Am Dienstag versuchten der OB und die Ministerin, den Konflikt durch ein persönliches Gespräch zu entschärfen. Spätestens da wurde Müller - zurück vom weltpolitischen Exkurs im Kabinett - wieder in politische Niederungen zurückkatapultiert. "Auch Herr Dupper hat kein Interesse, da irgendetwas eskalieren zu lassen", hieß es aus dem Ministerium. Und es sei zwar klar, dass der Unterhalt der Jugendämter eben eine kommunale Aufgabe darstelle. Gleichwohl sei man bereit zu helfen.

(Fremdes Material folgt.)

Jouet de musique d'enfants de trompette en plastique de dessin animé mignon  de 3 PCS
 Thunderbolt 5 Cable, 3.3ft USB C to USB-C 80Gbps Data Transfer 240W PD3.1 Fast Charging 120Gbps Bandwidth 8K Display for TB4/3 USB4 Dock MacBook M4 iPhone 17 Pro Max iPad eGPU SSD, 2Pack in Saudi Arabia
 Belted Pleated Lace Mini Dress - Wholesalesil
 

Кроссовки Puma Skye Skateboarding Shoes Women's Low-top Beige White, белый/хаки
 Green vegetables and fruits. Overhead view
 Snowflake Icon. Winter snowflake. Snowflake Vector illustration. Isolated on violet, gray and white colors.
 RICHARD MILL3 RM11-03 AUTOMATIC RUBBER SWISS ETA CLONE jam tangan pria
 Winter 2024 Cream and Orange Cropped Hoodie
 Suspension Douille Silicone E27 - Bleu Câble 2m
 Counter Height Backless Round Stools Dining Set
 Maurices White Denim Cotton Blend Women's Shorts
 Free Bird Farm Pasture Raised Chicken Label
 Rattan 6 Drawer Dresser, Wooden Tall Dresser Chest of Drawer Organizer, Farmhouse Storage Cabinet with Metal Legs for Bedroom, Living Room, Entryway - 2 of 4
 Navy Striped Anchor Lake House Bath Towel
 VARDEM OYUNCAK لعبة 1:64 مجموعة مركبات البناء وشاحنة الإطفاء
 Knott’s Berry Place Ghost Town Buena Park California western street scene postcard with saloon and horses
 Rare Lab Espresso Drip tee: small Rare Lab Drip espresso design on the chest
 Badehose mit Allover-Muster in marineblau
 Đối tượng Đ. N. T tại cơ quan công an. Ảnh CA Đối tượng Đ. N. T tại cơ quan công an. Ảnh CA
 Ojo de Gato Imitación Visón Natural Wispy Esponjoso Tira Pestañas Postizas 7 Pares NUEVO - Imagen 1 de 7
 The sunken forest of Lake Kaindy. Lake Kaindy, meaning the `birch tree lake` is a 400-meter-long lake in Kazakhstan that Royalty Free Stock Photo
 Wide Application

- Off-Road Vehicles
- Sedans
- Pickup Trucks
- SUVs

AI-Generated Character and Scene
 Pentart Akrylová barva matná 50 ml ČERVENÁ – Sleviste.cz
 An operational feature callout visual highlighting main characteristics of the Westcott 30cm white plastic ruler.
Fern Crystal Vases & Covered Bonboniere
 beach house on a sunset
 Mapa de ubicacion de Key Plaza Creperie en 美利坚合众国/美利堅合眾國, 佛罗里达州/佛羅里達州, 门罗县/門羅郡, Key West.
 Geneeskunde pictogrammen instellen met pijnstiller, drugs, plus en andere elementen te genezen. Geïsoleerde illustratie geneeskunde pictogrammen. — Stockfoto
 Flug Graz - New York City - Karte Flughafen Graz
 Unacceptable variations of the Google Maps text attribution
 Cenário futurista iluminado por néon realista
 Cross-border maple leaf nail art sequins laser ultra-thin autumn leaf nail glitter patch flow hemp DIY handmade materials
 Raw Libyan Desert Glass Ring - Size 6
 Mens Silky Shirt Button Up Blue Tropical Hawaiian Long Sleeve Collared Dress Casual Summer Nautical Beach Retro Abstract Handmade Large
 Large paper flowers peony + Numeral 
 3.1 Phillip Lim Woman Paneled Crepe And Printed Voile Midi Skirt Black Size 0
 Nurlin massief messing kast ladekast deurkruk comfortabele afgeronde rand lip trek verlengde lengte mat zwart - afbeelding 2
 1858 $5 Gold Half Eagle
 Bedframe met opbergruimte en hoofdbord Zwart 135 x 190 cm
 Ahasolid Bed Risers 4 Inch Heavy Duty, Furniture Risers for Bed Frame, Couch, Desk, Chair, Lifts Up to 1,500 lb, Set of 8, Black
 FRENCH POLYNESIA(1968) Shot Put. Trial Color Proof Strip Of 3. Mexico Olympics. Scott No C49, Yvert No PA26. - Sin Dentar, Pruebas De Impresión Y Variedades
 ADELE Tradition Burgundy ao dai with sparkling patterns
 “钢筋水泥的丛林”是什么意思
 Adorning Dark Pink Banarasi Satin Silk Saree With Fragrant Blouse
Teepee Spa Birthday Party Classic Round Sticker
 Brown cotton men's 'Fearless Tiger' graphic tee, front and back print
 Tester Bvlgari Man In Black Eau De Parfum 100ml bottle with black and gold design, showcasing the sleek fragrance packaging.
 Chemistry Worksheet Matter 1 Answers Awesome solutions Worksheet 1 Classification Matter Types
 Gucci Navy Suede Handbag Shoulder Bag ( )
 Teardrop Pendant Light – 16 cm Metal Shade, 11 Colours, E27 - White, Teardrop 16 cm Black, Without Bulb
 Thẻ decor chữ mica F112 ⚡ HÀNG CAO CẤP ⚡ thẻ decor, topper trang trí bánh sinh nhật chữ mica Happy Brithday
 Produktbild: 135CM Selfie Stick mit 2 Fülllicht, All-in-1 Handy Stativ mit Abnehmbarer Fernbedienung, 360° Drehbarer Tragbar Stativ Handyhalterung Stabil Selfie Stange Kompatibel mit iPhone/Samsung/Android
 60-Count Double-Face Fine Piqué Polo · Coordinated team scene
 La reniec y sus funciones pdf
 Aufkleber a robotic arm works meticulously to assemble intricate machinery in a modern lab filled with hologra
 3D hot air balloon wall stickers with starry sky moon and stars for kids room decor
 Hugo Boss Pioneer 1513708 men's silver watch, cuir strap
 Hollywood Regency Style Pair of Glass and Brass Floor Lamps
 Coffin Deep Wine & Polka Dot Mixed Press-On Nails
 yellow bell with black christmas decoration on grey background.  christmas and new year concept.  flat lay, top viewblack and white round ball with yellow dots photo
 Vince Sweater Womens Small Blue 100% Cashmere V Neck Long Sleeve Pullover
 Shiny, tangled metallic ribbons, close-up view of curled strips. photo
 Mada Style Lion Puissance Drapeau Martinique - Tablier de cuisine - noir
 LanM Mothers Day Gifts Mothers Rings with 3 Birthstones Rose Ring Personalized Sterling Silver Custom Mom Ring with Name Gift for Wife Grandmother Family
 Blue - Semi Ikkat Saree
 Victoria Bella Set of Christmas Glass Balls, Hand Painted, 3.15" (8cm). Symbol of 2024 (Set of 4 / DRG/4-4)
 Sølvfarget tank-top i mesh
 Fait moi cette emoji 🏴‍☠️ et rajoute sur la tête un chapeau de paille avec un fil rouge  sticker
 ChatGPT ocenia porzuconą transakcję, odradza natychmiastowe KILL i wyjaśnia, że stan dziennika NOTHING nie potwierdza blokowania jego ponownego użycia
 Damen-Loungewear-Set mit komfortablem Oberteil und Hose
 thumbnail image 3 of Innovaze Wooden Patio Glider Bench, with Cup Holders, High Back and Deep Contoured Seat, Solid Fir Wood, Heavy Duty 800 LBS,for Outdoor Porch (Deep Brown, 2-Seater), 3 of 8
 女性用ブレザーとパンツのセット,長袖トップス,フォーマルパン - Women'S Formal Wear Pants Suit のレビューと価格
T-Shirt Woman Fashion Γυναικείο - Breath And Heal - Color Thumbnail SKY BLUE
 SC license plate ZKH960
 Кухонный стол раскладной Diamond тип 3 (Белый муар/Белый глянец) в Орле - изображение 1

Neben Passau ist es vor allem Rosenheim, das - allein durch die Fluchtrouten bedingt - viele unbegleitete jugendliche Flüchtlinge aufnehmen und betreuen muss, sobald diese auf bayerischem Boden aufgegriffen werden. In Rosenheim indes hat sich die Lage etwas entspannt, weil die jungen Leute relativ rasch an andere bayerische Kommunen weitergeleitet werden. Für Niederbayern aber galt bisher nach Aussage des Sozialministeriums eine Sonderregelung: Hier wurden die in Passau eintreffenden jugendlichen Flüchtlinge lediglich auf Gemeinden im Regierungsbezirk verteilt. Und genau das ist das Problem von Regierungspräsident Grunwald: Es fehlt an Unterbringungsplätzen.

Zumindest eine vorläufige Entlastung brachte jetzt das Treffen von OB Dupper mit der Ministerin: Ein Teil der Jugendlichen werde nun doch über Niederbayern hinaus landesweit verteilt, hieß es im Ministerium.

Aber: Es sind aber nicht allein die jugendlichen Flüchtlinge, die Grunwald Sorgenfalten ins Gesicht treiben. "Auch die Zugangszahlen von erwachsenen Asylbewerbern in Niederbayern sind dramatisch", lässt die Regierung wissen. Derzeit seien 8300 Asylbewerber unterzubringen. "Es wird bei den Zugängen eine weitere Zuspitzung erwartet", hieß es. Daher seien Landratsämter und kreisfreie Städte aufgerufen, Plätze zu schaffen. Auch die neue Erstaufnahme-Einrichtung in Deggendorf - zu Jahresbeginn noch als große Entlastung gefeiert - ist nach Angaben der Regierung längst an der Belastungsgrenze angelangt. "Aufgrund der hohen Zugangszahlen reichen die Kapazitäten in der Erstaufnahme-Einrichtung bei weitem nicht aus", ließ Grunwald wissen.